#### DATA IN THIS EXERCISE
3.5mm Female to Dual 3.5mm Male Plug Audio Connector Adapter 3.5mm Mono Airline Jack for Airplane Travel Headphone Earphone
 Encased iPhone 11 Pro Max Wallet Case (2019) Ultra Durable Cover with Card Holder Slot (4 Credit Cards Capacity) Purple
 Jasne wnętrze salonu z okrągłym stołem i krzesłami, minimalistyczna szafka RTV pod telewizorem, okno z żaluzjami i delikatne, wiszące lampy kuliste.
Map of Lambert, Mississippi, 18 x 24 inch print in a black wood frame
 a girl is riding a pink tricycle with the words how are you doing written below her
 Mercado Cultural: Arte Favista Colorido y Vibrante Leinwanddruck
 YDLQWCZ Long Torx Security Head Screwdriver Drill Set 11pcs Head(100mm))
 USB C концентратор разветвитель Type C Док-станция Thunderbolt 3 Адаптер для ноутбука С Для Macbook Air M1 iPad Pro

#### TASK DESCRIPTION
Each line from the one containing "Jasne wnętrze salonu" to the last line of the material above should be reproduced word for word, with nothing added.

#### OUTPUT BELOW
 Jasne wnętrze salonu z okrągłym stołem i krzesłami, minimalistyczna szafka RTV pod telewizorem, okno z żaluzjami i delikatne, wiszące lampy kuliste.
Map of Lambert, Mississippi, 18 x 24 inch print in a black wood frame
 a girl is riding a pink tricycle with the words how are you doing written below her
 Mercado Cultural: Arte Favista Colorido y Vibrante Leinwanddruck
 YDLQWCZ Long Torx Security Head Screwdriver Drill Set 11pcs Head(100mm))
 USB C концентратор разветвитель Type C Док-станция Thunderbolt 3 Адаптер для ноутбука С Для Macbook Air M1 iPad Pro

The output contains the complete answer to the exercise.